Elizabeth Purvis has lived through this. She runs Chicago’s biggest charter school network, and kept a charter school open in Rockford last spring when teachers there went on strike.
"We were prepared for people to picket our schools, but no problem. We have a number of the children of public school teachers. They dropped their kids off at school…not a ripple." But charter schools are still a tiny percentage of schools in Rockford and haven't attracted the same level of opposition as they have in Chicago.
The growth of charters has depleted the ranks of the Chicago Teachers Union. Every time the union has negotiated a contract over the last decade, it’s come to the table representing fewer members. Thirty-three thousand in 2003. Thirty-two thousand for the last contract, agreed to in 2007. Today, the union says there are 25,500 members in the CTU's bargaining unit.
Still, union official Jackson Potter says he does not see the 50,000 charter kids in classes as a threat. He points to a Chicago Tribune poll that found parents trusted the unions reform proposals more than the school district's.
"We have a rich history in this city of parents taking on the Board of Education when they think there’s injustice," says Potter.
Potter says the union is fighting for more than just wages—it wants air conditioning, playgrounds, and social services for kids, and he thinks parents understand that.
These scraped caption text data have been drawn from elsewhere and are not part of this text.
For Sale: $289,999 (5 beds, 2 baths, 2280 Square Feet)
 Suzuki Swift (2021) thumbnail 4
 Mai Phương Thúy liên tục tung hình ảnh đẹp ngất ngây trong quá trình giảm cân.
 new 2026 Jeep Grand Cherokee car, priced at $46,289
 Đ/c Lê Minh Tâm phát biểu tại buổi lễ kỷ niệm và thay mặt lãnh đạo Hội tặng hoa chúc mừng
And far from talking about charter school teachers as scabs, Potter is looking to build bridges between the union and charters.
"There's a lot of solidarity that I don't think people recognize or understand," says Potter. "I think we could see a number of interesting scenarios, where charter teachers are picketing with us, where charter teachers are talking about what rights they don’t have, and what rights they want, and thinking about ways to organize these buildings so that they're not treated with disrespect."
One thing all sides agree on: unions and charter advocates across the country will be watching.